Significant differences persist in the views of congressional leaders, some Republicans and the Bush administration over the long-term plan for federal involvement in terrorism risk, based on comments made by lawmakers and a White House official last week.

“We will, in April, pass a bill in the House extending the federal Terrorism Risk Insurance Act,” Rep. Barney Frank, D-Mass., chairman of the House Financial Services Committee, declared at the Networks Financial Institute's Annual Insurance Reform Summit in Washington.

He added that the extended TRIA program, under the House bill, “will include group life” as well as chemical, nuclear, biological and radiological attacks.

The bill will also remove the distinction in the current program that only attacks by foreign-based terrorists trigger federal involvement in covering damages, he added.

The terrorism risk issue, he said, is a case of “market failure,” adding that he meant it not in the sense that the market acted badly, but in the sense that it cannot adequately provide coverage on its own. “The market was not designed to deal with these criminal acts,” he explained.

Also speaking at the summit was Sen. John Sununu, R-N.H., who cautioned against making the TRIA program permanent or expanding it unduly.

Although acknowledging that it is “likely that we'll have an extension this year,” Sen. Sununu said lawmakers should remember why they made TRIA temporary in the first place, and should look at extending the federal reinsurance program with the view of how to best help the private market assume terrorism risk. “We shouldn't take action that would preclude a private market from ever developing,” he said.

Sen. Sununu is a member of the Senate Banking Committee, and his comments run counter to statements made by the panel's chair, Sen. Chris Dodd, D-Conn., who has said in the past few months that he would like the TRIA program made permanent.

However, Sen. Sununu's vision for TRIA does apparently mesh with that of the Bush administration. Allan Hubbard, an assistant to the president for economic policy and a director of the National Economic Council, said the White House favors continuing to “phase out” federal involvement in the terrorism risk market.

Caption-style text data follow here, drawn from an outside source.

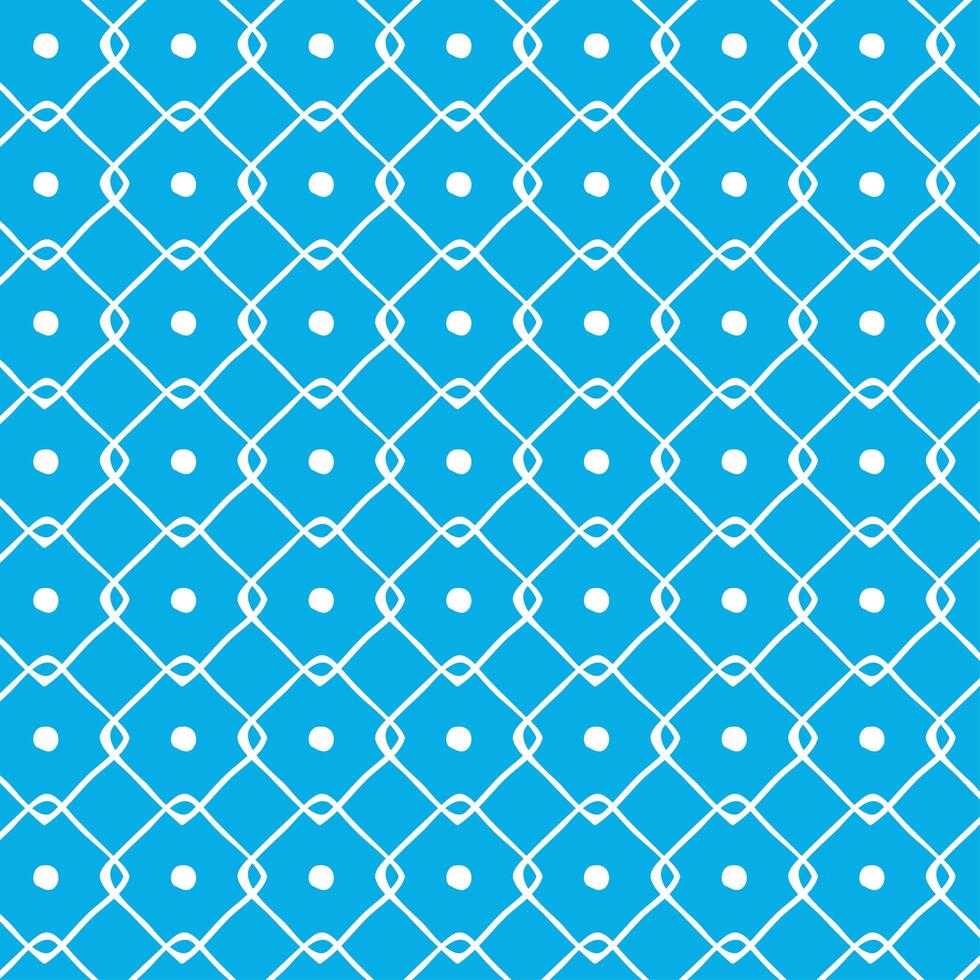 blue color texture memphis vector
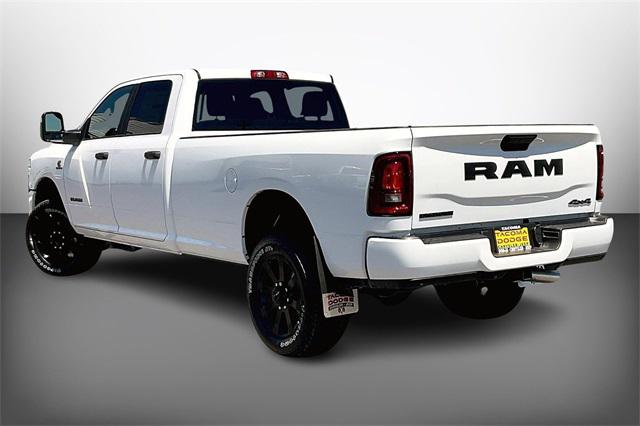 2025 RAM Ram 2500 RAM 2500 BIG HORN CREW CAB 4X4 8 BOX 2025 RAM Ram 2500 RAM 2500 BIG HORN CREW CAB 4X4 8 BOX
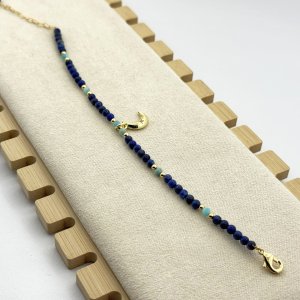 Bratara placata cu aur 18k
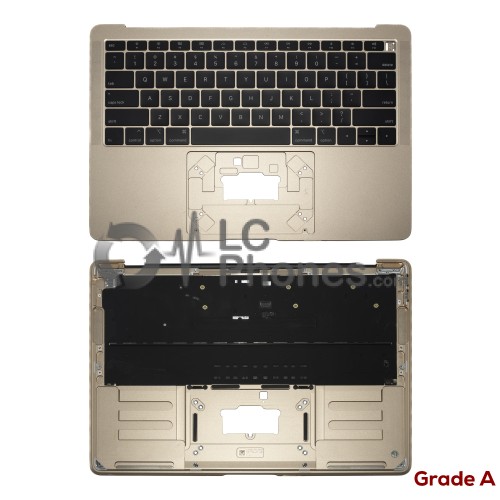 MacBook Air 13 inch Retina A1932 - Top Cover Rose Gold with American Keyboard US Layout (Original Used) Grade A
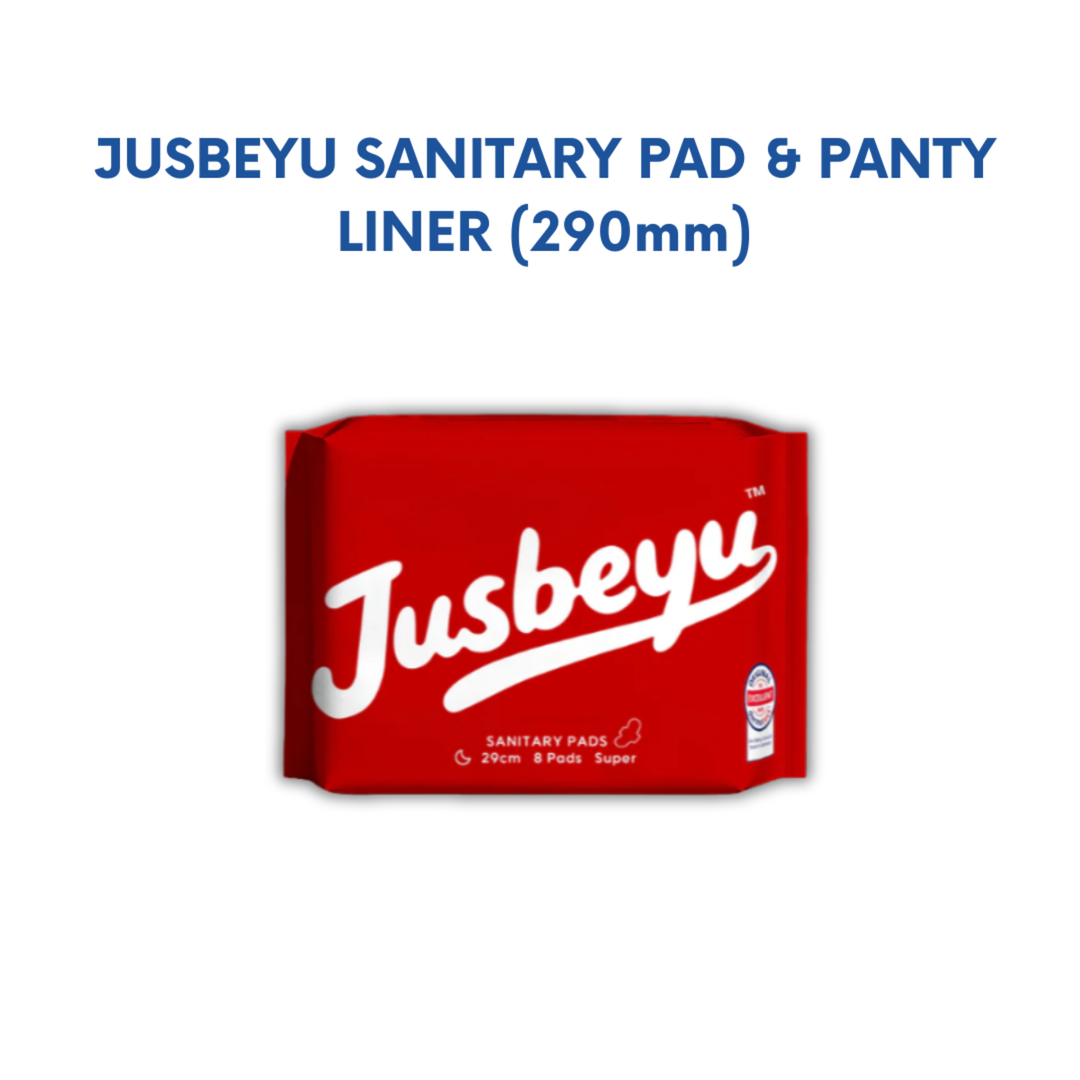 Jusbeyu Sanitary Pads & Panty Liner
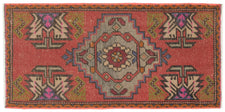 Vintage Turkish Rug Mirello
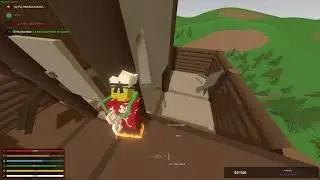 UNTURNED -BASE RAİD #1 İTEMLERE BAK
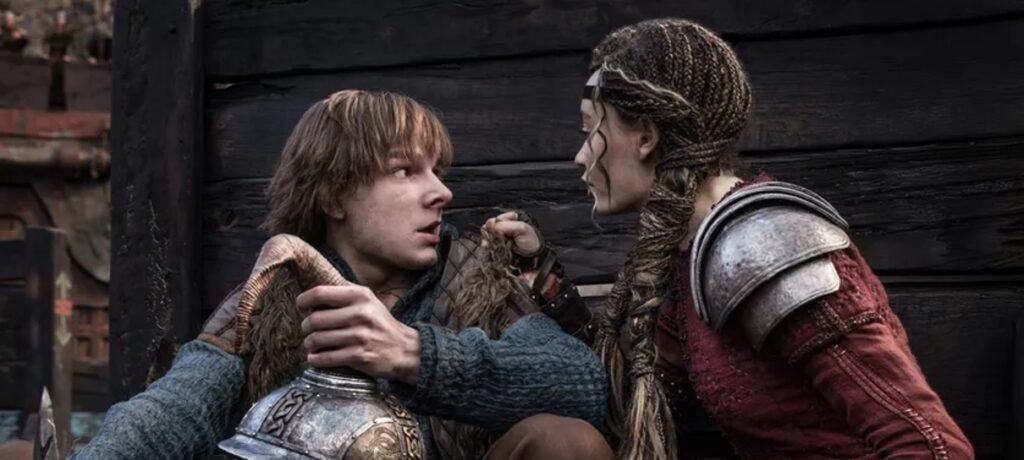 Live-Action Como Treinar o Seu Dragão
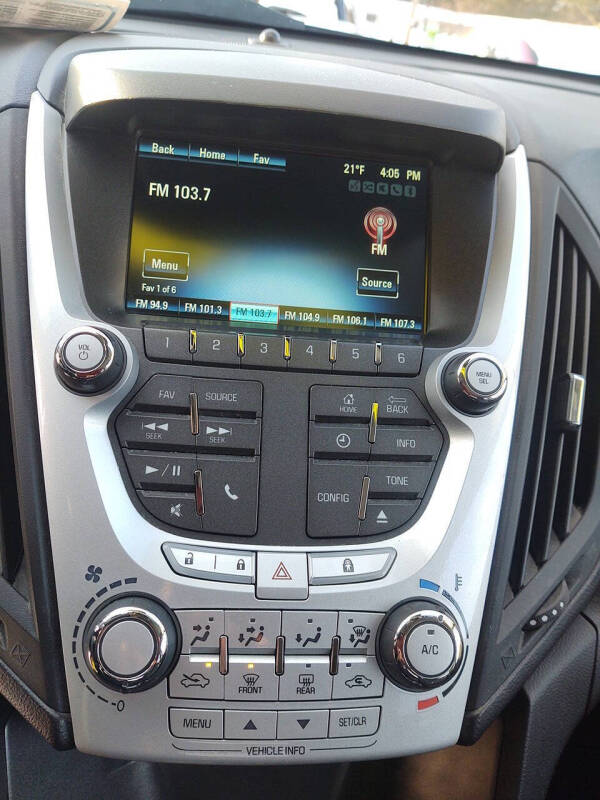 2015 Chevrolet Equinox LT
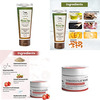 Tnw The Natural Wash Tomato Clay Mask & Green Tea Face Wash With Nourishing Ingredients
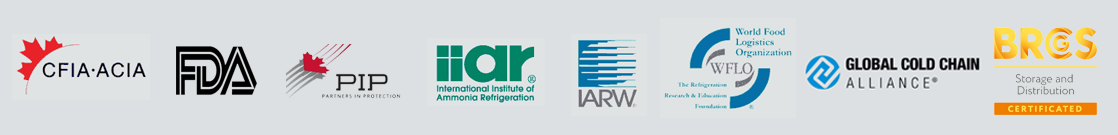 GoCold Solutions Associations and Sponsorship banner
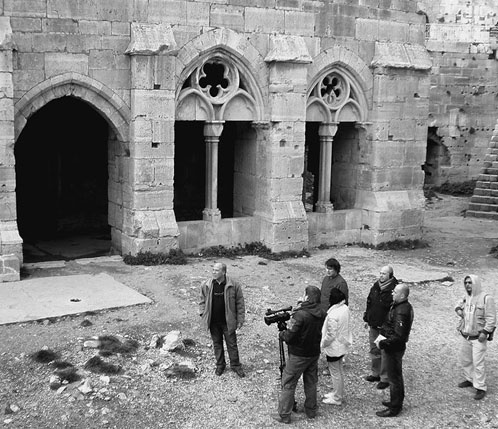 Сирийские перекрестки цивилизации Сирийские перекрестки цивилизации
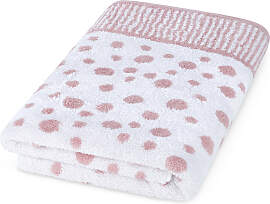 Duschtuch ROSS "Punkte, allover",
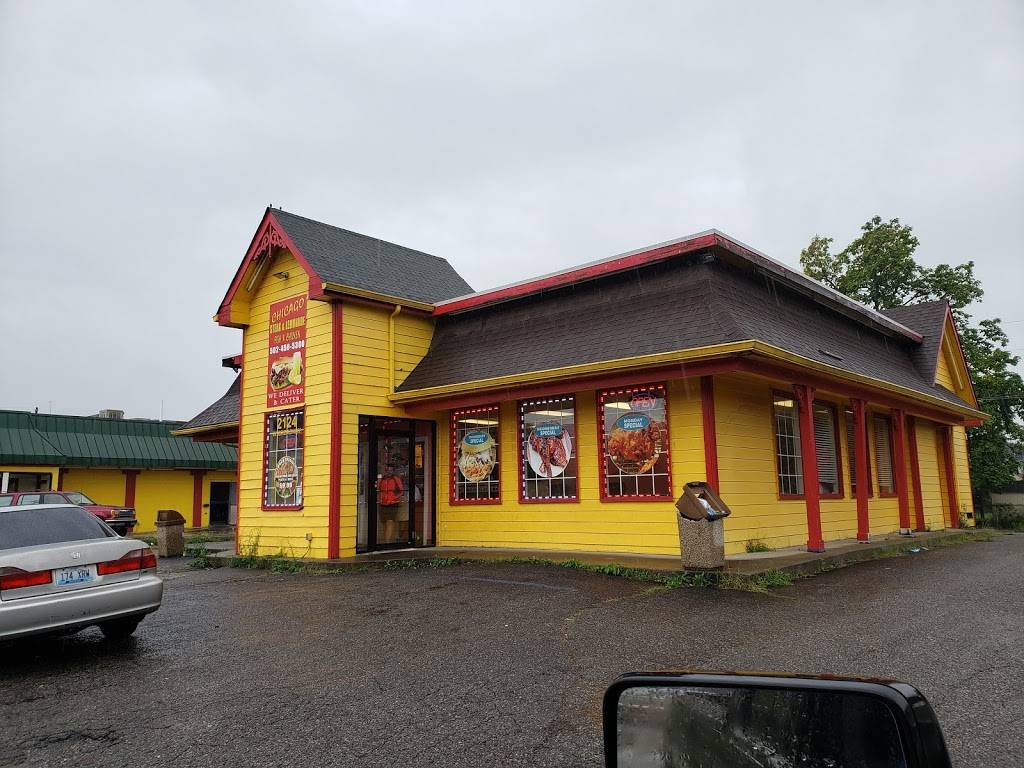 Chicago Steak & Lemonade | restaurant | 2124 W Broadway, Louisville, KY 40211, USA | 5024505300 OR +1 502-450-5300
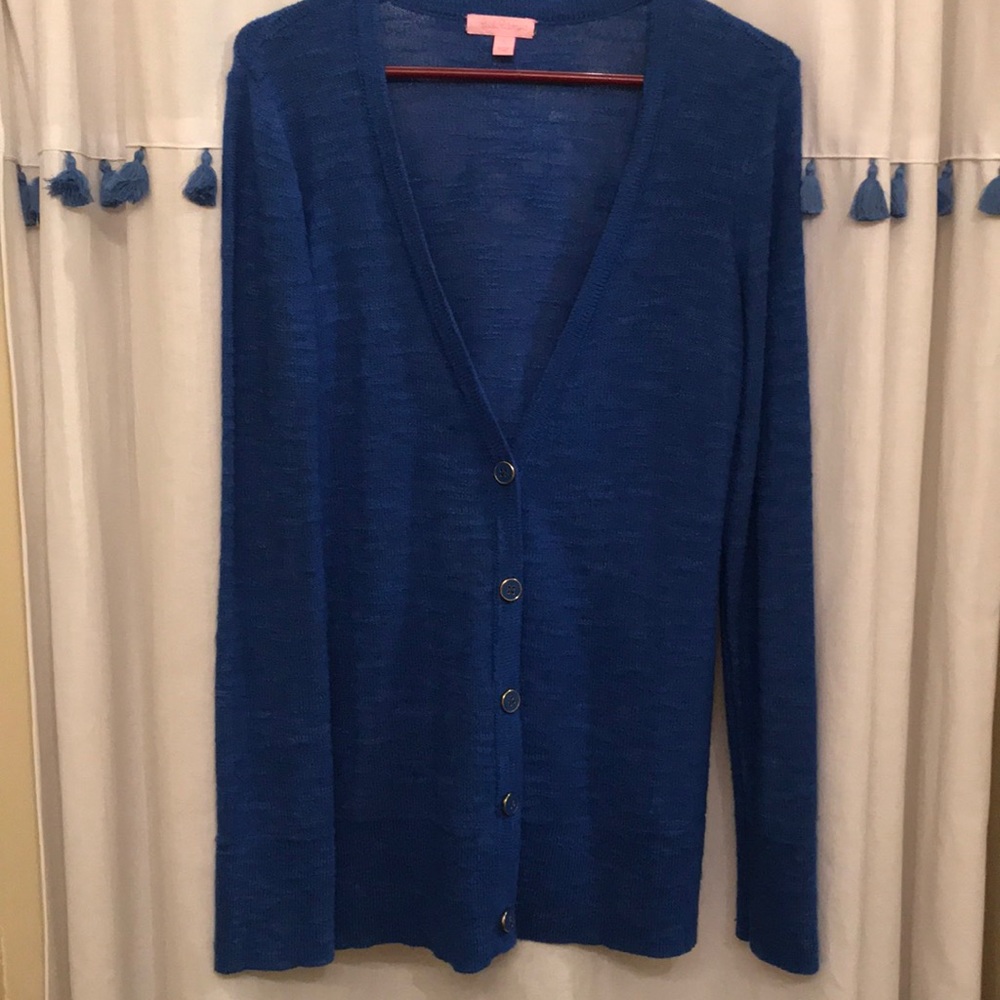 Lilly Pulitzer Cardigan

The administration strongly supported increasing the burden of terrorism risk on insurers through higher co-payments and deductibles as part of the 2005 TRIA extension legislation. “The president believes, in the long run, that TRIA is not needed,” Mr. Hubbard said.

Meanwhile, Rep. Carolyn Maloney, D-N.Y.–speaking last week at a congressional hearing on TRIA at New York's City Hall in Lower Manhattan, blocks from the site of the Sept. 11 World Trade Center terrorist attack–said a draft of legislation to extend the federal backstop should be ready soon, but did not specify its terms.

A group of top real estate and insurance executives told the House Financial Services Subcommittee on Capital Markets, Insurance and Government Sponsored Enterprises that 10 years would be the minimum amount of time needed for any extension of TRIA to have a positive impact on economic development.

Those same witnesses–along with Sen. Charles Schumer, D-N.Y., and New York Mayor Michael Bloomberg–said TRIA extension was vital to stabilizing an economic environment that could see building projects stalled by a lack of terrorism insurance.

Rep. Deborah Pryce, R-Ohio, the ranking minority member of the subcommittee, said there was general agreement among Republicans on the subcommittee on the need to extend TRIA, but no consensus on what kind of terms should be enacted.

TRIA extension advocates also urged that domestic acts of terrorism be included in the extension bill, along with group life.

No panel member advocated elimination of the TRIA program, although two members–Rep. Scott Garrett, R-N.J., and Rep. Ed Perlmutter, D-Colo.–expressed the most skepticism about the wisdom of an indefinite extension.

“This was not intended to be a permanent fix,” Rep. Garrett said. “We have talked about how we scaled back in the first extension, and now we should see how we can scale it back even further.”

But most other hearing participants took just the opposite position, urging development of a separate program for CNBR exposures, a lowering of the minimum company loss threshold from $100 million to $50 million, and an extension of 10 years at a minimum.

Warren Heck, chief executive officer of the Greater New York Mutual Insurance Company, said halving the minimum would be a good incentive to get small and medium-sized companies back into the terrorism insurance market.

Mayor Bloomberg said projects currently on the books that would create 46 million square feet of new commercial office space and produce an additional $10 billion in annual property tax revenue would never get off the ground without terrorism insurance.

“Although the current program does not expire until Dec. 31, the insurance industry writes and renews its commercial property policies months in advance–meaning we need to reauthorize this vital legislation now,” he said.